ISK, the Institution of Surveyors of Kenya has it that the new regulations will open doors to over 500 registered valuers to exercise the property deals. This will be significant as the number of government valuers will see an increase from less than 60 that were handling 57 registries.

Recently, the Stamp Duty Regulations 2020, Treasury cabinet secretary Ukur Yatani was said to have gazetted, asking for property buyers to be given the option to either use civil servants or hire approved valuers to process the land transfers for stamp duty.

In Kenya, Valuation attracts a fee of about 0.25% of the property value.

During an interview with the Daily Nation, ISK President Abraham Samoei said that  “A valuation now will take one or two days because if a valuer is engaged, you go to the next one,”.

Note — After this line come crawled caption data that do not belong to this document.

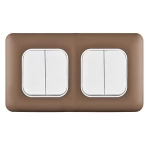 مفتاح انارة كهرباء رباعي دركسيون 10 أمبير، لون نحاسي، 7×14 سم، 250 فولت | سبكترا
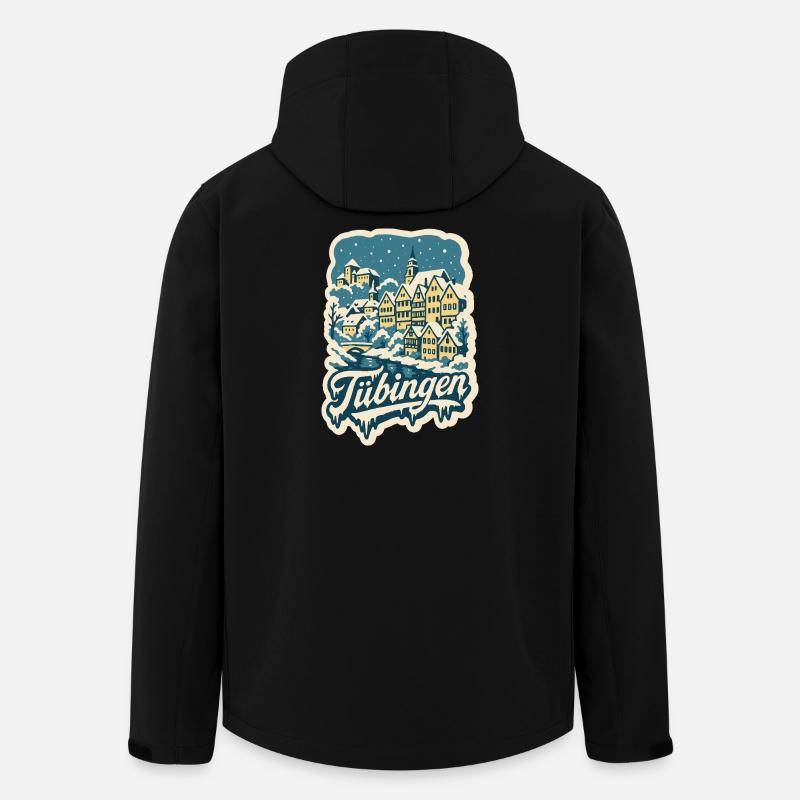 Tübingen Baden-Württemberg Winter - Recycelte Männer Softshell-Jacke von Stanley/Stella - Schwarz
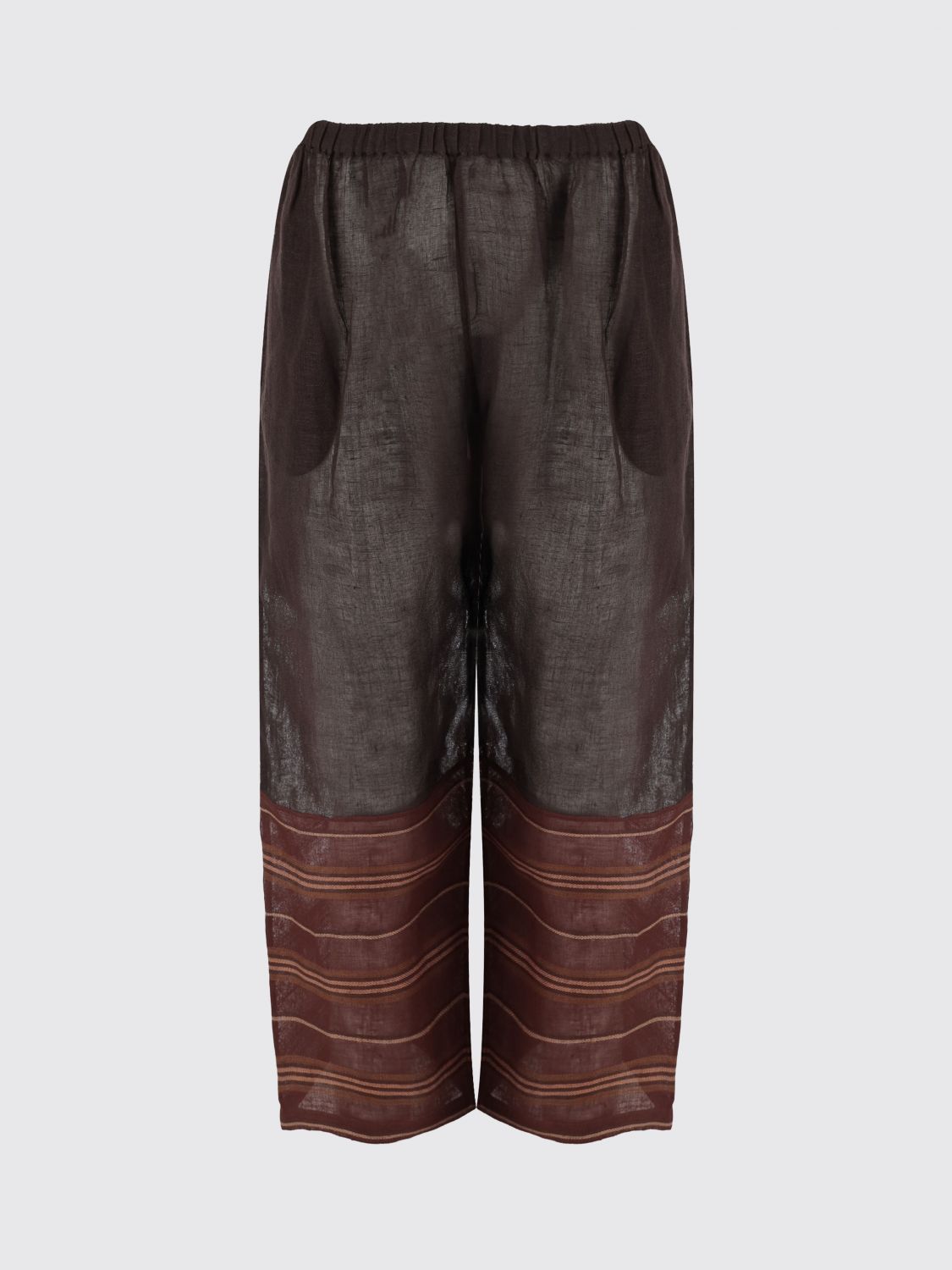 Wrap-Skirt Woman color Brown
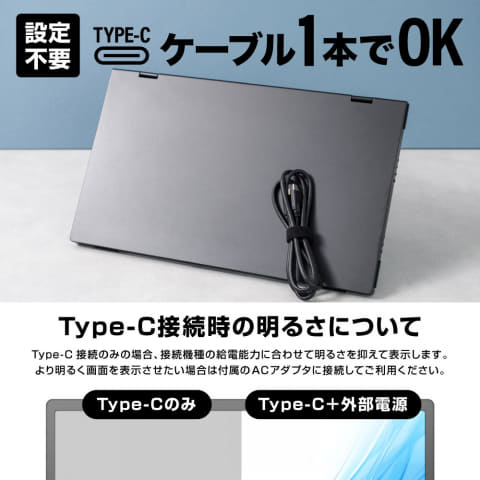 15.6インチ×2画面を持ち歩ける！ 折りたたみ式モバイルモニター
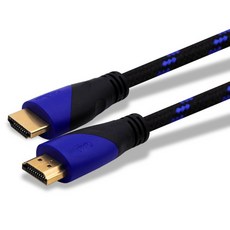 케이블메이트 HDMI 2.0 메쉬 고급형 케이블, 1개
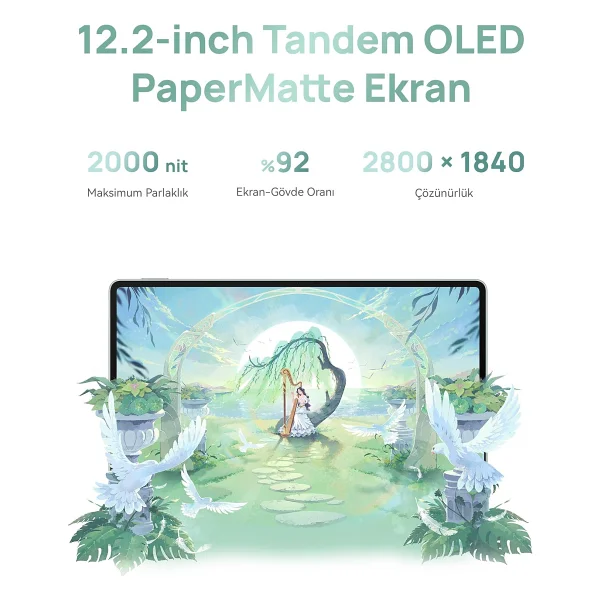 Huawei Matepad Pro 2025 12.2" Papermatte Edition 512 GB Tablet - Görsel 2
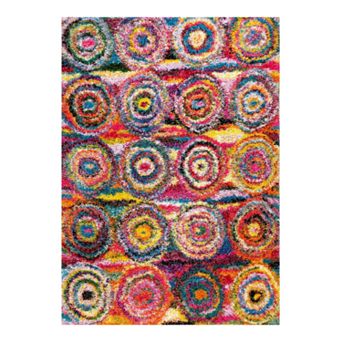 nuLOOM Kindra Colorful Circles Shag Rug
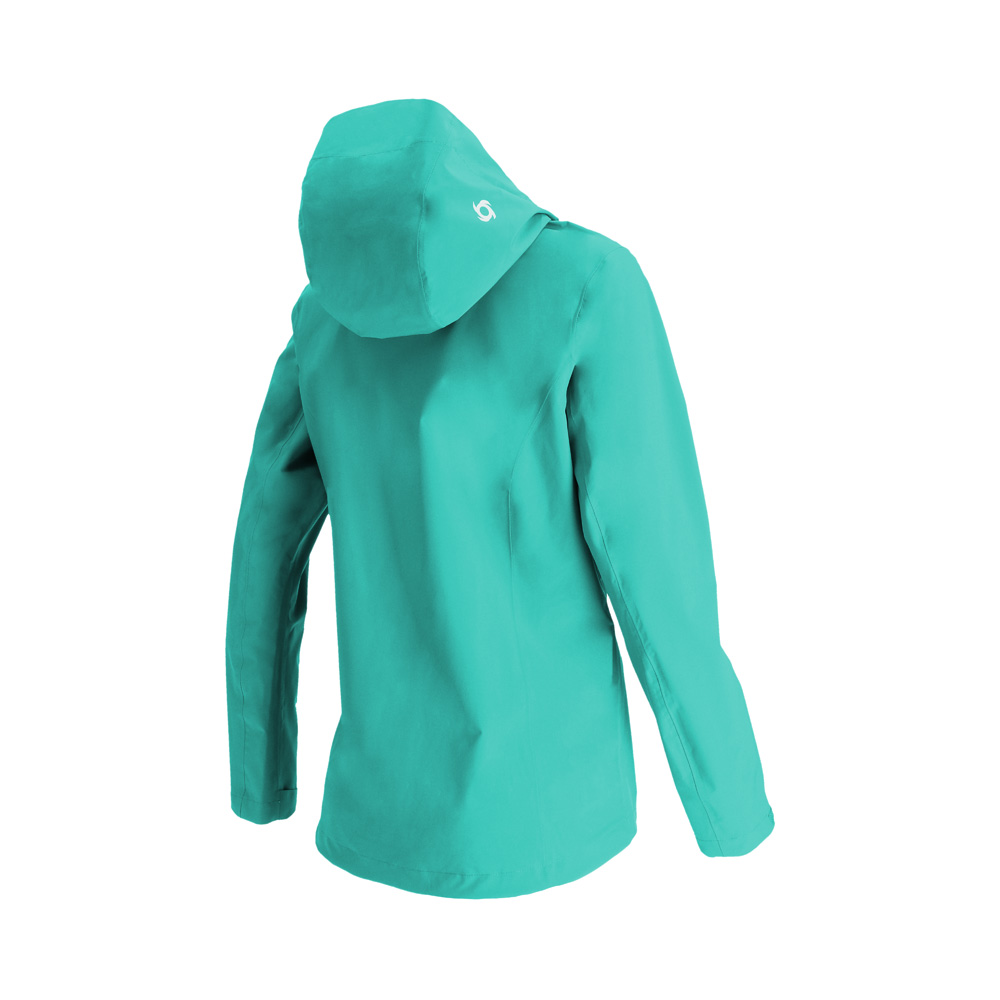 CORTAVIENTO IMPERMEABLE LIVEN MUJER TURQUESA DOITE - 3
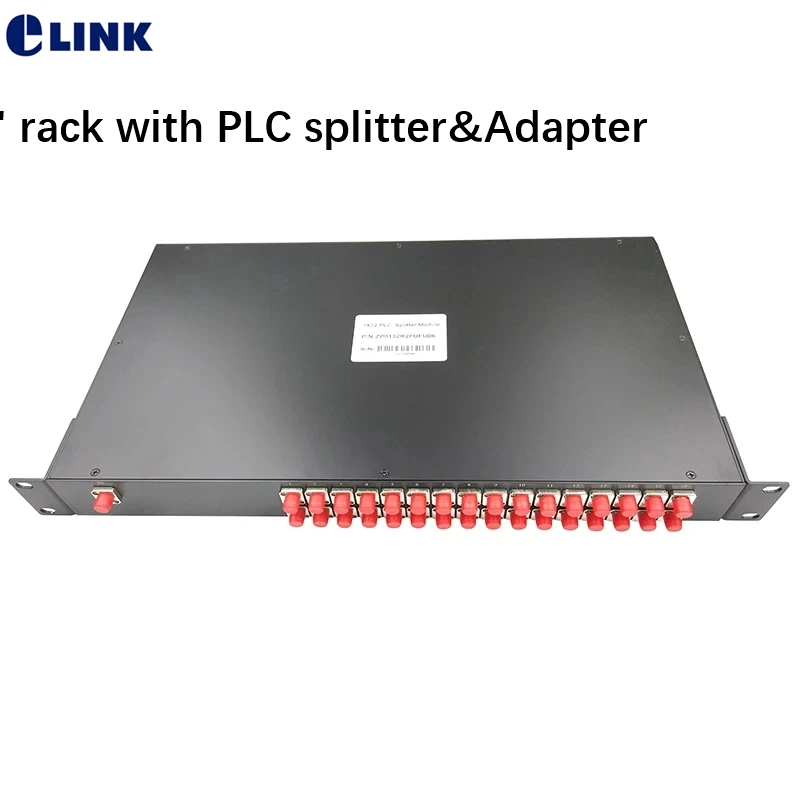 19 "rack scatola di terminazione con 1*32 PLC splitter e FC/UPC adattatore 1mtr 1U patch panel con 1x32 ftth accoppiatore follate installato
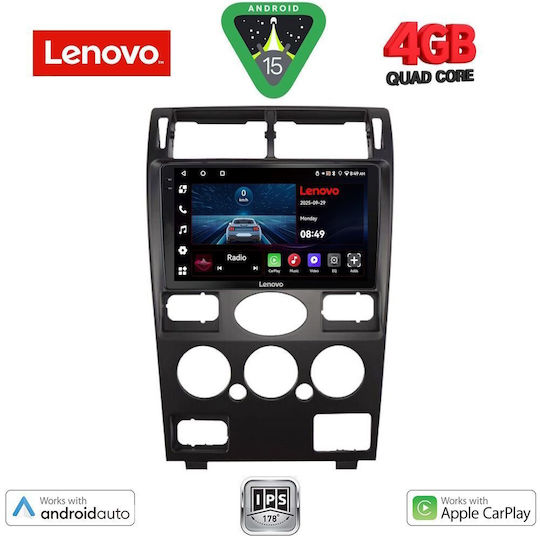 Lenovo Ηχοσύστημα Αυτοκινήτου για Ford Mondeo 2003-2006 (Bluetooth/USB/AUX/WiFi/GPS/Apple-Carplay/Android-Auto) με Οθόνη Αφής 9"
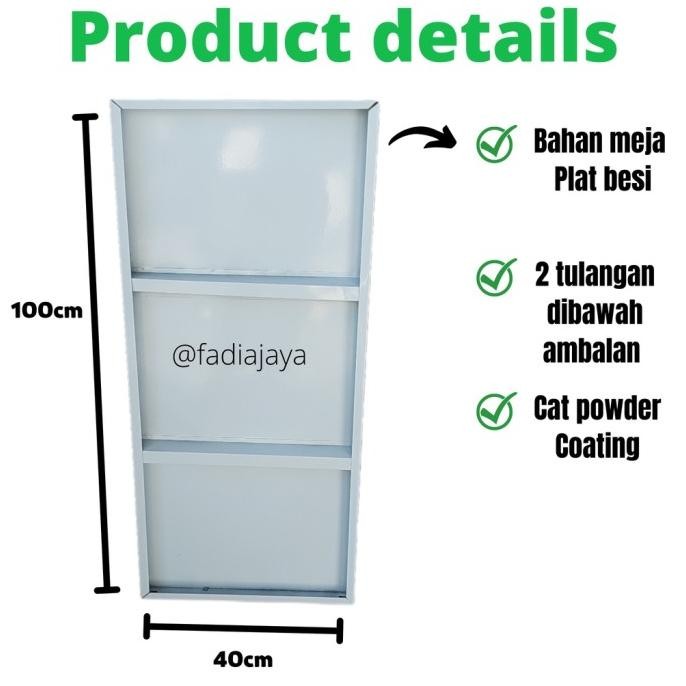 Meja Kompor Gas 2 Tungku Rak Kompor 2 Susun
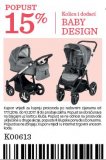 Baby Center kupon -15% na kolica i dodatke Baby Design do 9.1.2017.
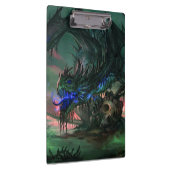 Porte-bloc Porte - bloc/Dragon avec crâne (Swatch)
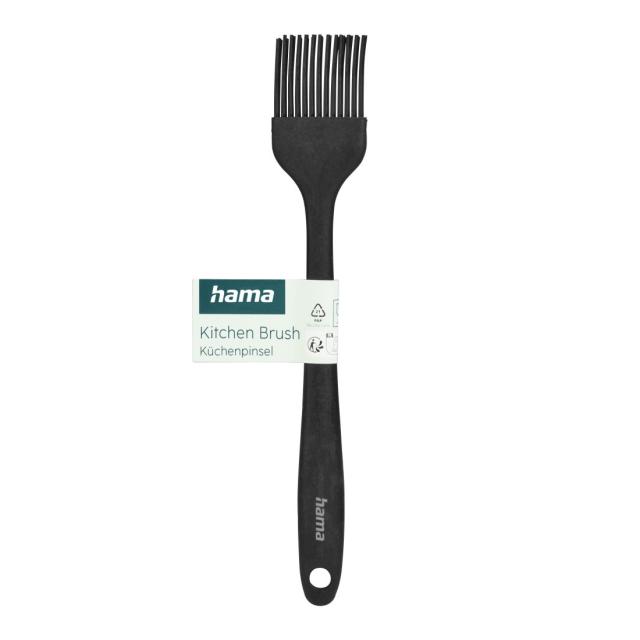 Hama Cake Brush, Silicone Pastry Brush, 12 Pcs in Display, black and beige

“Valuation is just one component (of property registration), but once we now have eased valuation… we can come down to less than a week from up to 90 days we have been accustomed to,” he added.

The awaited drop in turnaround period for land transfer could be the key to lifting the low Kenyan international ranking in relation to processing property deals. Right now Kenya is ranked as number 134 of the 109 countries.

In a report by the World Bank Group’s Doing Business Index 2020, Kenya was said to be among the most laborious in registering properties. Taking an average of 43.5 days in 10 procedures, contrary to the average of 9 steps in sub-Saharan Africa.